By Jason Klaiber
Staff Writer
Father David Couturier, O.F.M. Cap., dean of the School of Franciscan Studies, and Father Dominic Monti, former interim president of St. Bonaventure University, presented to faculty members in the Doyle Trustees Room on Feb. 27 concerning the role of Franciscan and Catholic traditions in the classrooms of St. Bonaventure.
Father David talked about the importance of a liberal arts education.
“I have come to believe that a good liberal arts education should keep you occupied, agitated and attentive for the rest of your life,” Father David said. “A liberal arts education should never just be about helping students find their first slots in the economic mainstream.”
Father David also said a liberal arts education should inspire students to wrestle with questions attached to such aspects of everyday society as love, judgment, justice, violence, grace and forgiveness.
“At a time when everything must have a price tag, and it seems that everyone has been commodified, we offer students something priceless: a four-year opportunity to develop the muscle of thoughtfulness,” Father David said.
The Franciscan Institute has sought to fulfill this purpose, more specifically in the realm of Franciscan studies. The organization has researched the history of the Franciscan language for 50 years.
However, Father David noted that the institute’s texts and discoveries have been tucked away in the basement and no longer receive much attention.
Father David expressed that the Franciscan mindset—characterized by solidarity and generosity—easily can be fused into all lesson plans.
Father Dominic closed the presentation by addressing his sentiment that reanalyzing the concept of “self-identity” will keep the university alive. He asserted the importance of this ongoing examination about how Franciscan values, particularly the accentuation on unity in a community like St. Bonaventure, fit into the classrooms and not just university ministries.
He then brought up the word “Jesuit,” the perception of which, he argued, stands in contrast from that of the word “Franciscan.”
“The word ‘Jesuit’ conjures up images of scholarship, libraries [and] brilliant lecturers,” Father Dominic said. “Higher education has been a constituent feature of Jesuit identity for more than 500 years. Even with 24 colleges in the United States with Franciscan roots, it’s difficult in some ways to say what we stand for. Whether we like it or not, Franciscans tend to be associated more with soup kitchens than schools.”
The talk was followed by a question-and-discussion period and then a reception, between which the first edition of the new magazine “Franciscan Connections” was handed out to faculty members. The magazine intends to update people involved with Franciscan institutions nationwide, including those who work at St. Bonaventure, on current events pertaining to Franciscan learning.

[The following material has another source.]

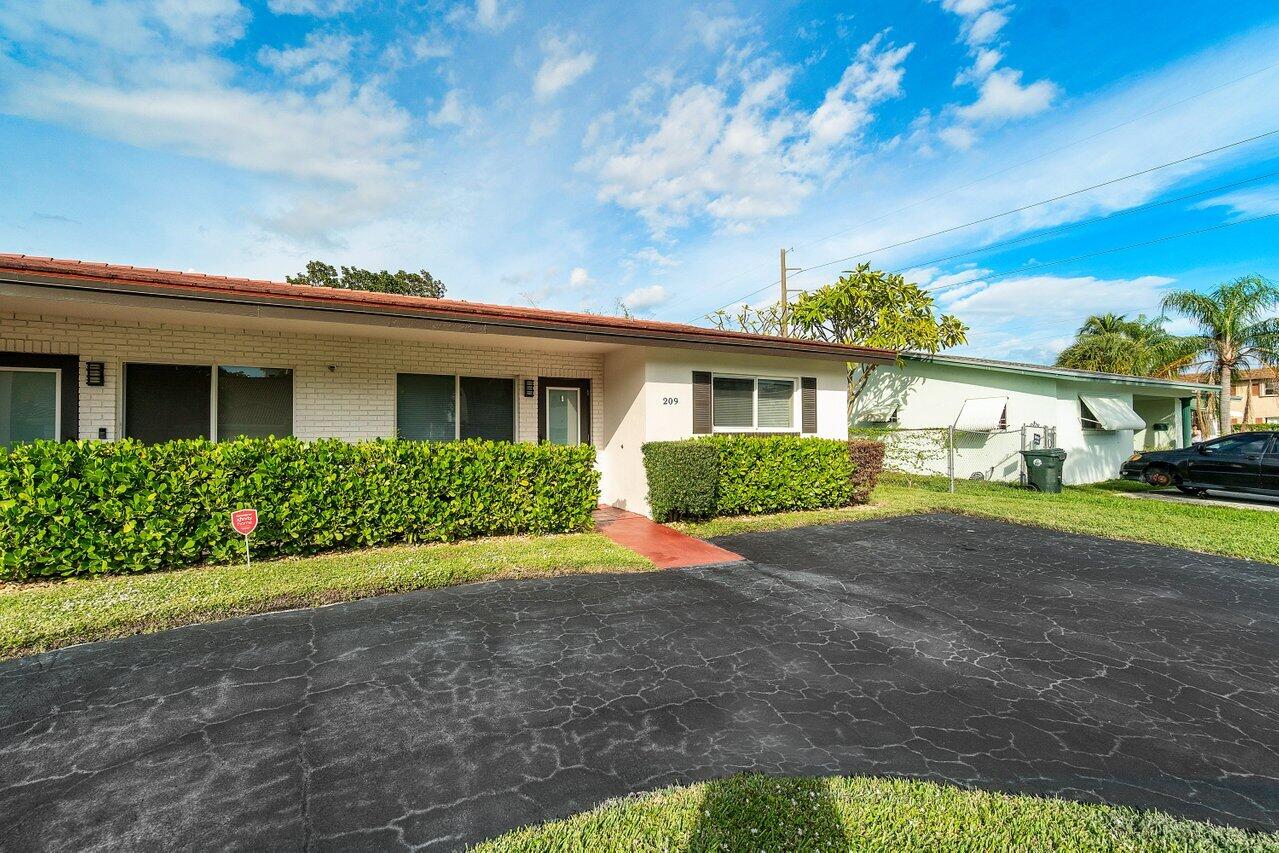 209 SW 6th Street 209, Boca Raton Unit: 209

“On the whole, I thought it was very encouraging,” Gerald Boersma, a professor of theology, said. “It raised critical questions in terms of how we infuse this ideal into our core curriculum, so it doesn’t just remain an ideal, but something that we see instantiated in our core curriculum so that it can form and shape our education.”
Boersma said the message of the talk has “immediate and great bearing” on the university’s theology department, because it is entrusted with instruction of the Catholic and Franciscan Heritage course, which belongs to the core curriculum.

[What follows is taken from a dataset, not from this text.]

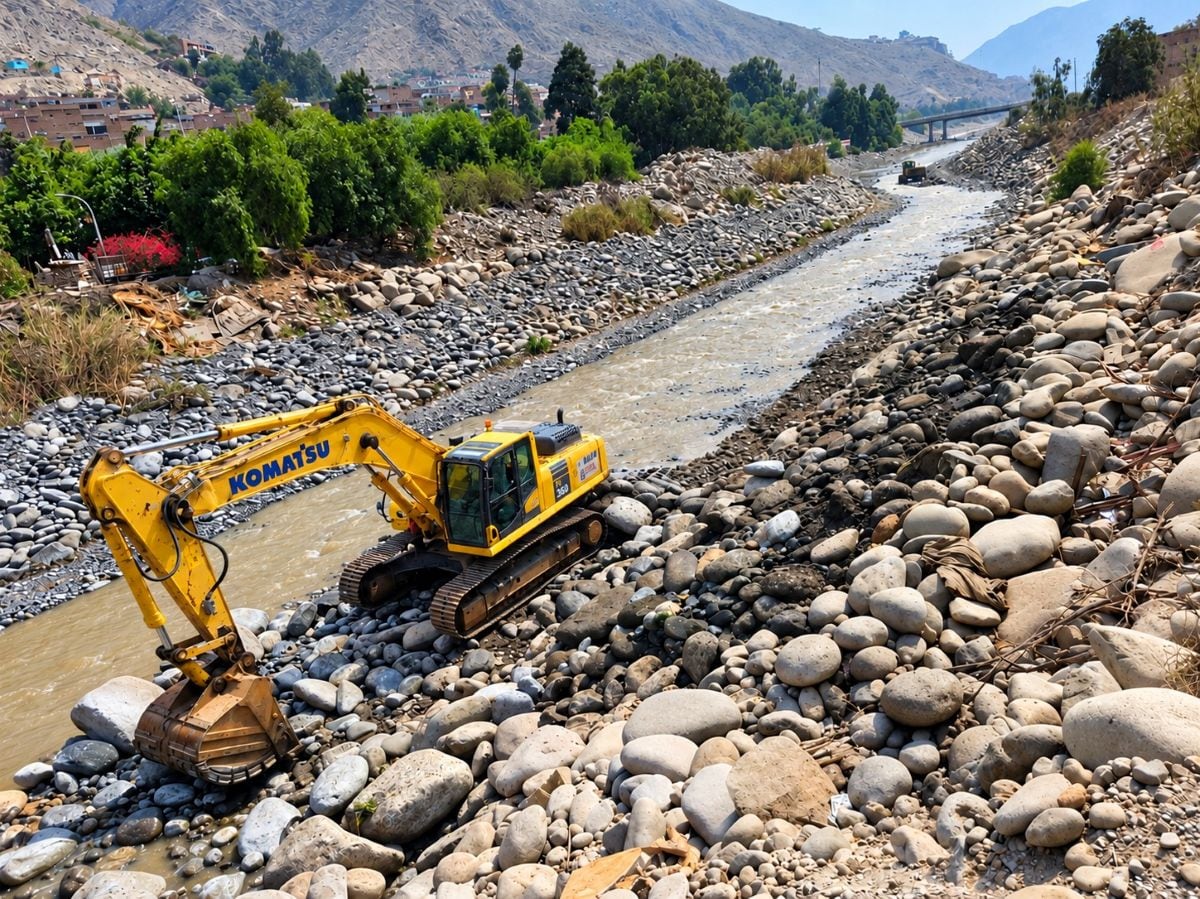 La ANA ejecuta trabajos de limpieza y descolmatación en cuatro puntos críticos del río Rímac, ubicados en Ate, Chaclacayo y San Juan de Lurigancho. Foto: ANA.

“As a faculty member, I am very committed to St. Bonaventure’s Catholic-Franciscan mission,” education professor Karen Wieland said.

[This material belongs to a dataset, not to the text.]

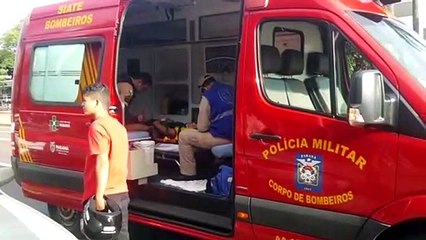 Moto bate em caminhonete na Av. Brasil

Wieland said the issue the faculty is grappling with is how the core curricular options at St. Bonaventure can be improved to make the university a more attractive destination for incoming freshmen and a more viable option for transfer students.
Computer science professor Anne Foerst said she found it “very easy” to implement Franciscan ideas into her core curricular and honors classes.
Foerst also said she tries to bring these “philosophical musings,” as she calls them, to her information technology courses, an approach she admits is more difficult.
“[The university is] trying to become more student-centered, and the Franciscan focus on the person dovetails with this beautifully,” Foerst said. “The ideal would be to create a core curriculum that will help our students to find out who they are, how to live a good life and how to find their place in an increasingly globalized society. All in all, [the talk] was a great start for the revision of our core.”